Matching datasets is a regular operation in the statistical process. The simplest form of matching is linking two datasets (or tables) on the basis of a database key: records from the two datasets (tables) match if the database key is exactly identical. For more complicated types of matching other variables, so-called secondary keys, are used, such as names and time variables. The problem with this more extensive type of matching is that the scores of secondary keys may contain errors, or that variables do not have exactly the same definition. This report gives a systematic overview of various matching problems, characterised by complicating factors to be taken into account and the methods available to deal with these.
Coding is the translation – if possible - of a description of an occupation, economic activity, education level, disease, commodity etc. into a code from a corresponding classification. Only after this translation has taken place is it possible to count, classify and produce statistics about the subjects concerned. This report describes the problems encountered during the coding process, and how they are tackled with the aid of computers, completely automatically or interactively.
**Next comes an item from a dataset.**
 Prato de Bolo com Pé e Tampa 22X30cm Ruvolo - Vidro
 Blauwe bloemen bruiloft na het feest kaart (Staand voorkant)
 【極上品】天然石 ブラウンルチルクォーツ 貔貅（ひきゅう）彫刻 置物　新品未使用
Both surveys and registrations nearly always contain errors. If these errors result in bias in the results, it is in the interest of Statistics Netherlands to detect and correct them. Error detection is also important to gain an insight into the quality of the data sources, observation and processing. This report discusses methods to detect and correct errors automatically, and methods to select records that should preferably be corrected manually (selective and macro-editing).
In addition to high quality information, administrative datasets contain measurement and representation errors. Micro-integration is a collection of methods to identify and correct these errors. Without these corrections, the published results would be biased. Three methods are distinguished: harmonisation, completion, and correction of measurement errors.
Sampling theory contains situations in which estimates can be improved by using explicit models. For example, if the sample design is unknown, or a sample results in only few observations per sub-population. This report sets out how relatively simple models can be used to estimate parameters such as population totals or sub-population totals.
Sometimes data are missing from surveys and registers, for example because a respondent cannot or will not answer a question. One way to cope with such missing values is to impute valid values, so that it is still possible to produce total values. This report describes imputation methods used at Statistics Netherlands. It pays extra attention to longitudinal imputation and to imputations for records with more than one missing value.
Representative outliers are extreme values in a sample, which are assumed to have been observed correctly, and for which it is assumed that the population contains other similar elements. This report discusses estimation methods which can restrict the effect of such outliers on the estimation results, and thus improve the accuracy of the results.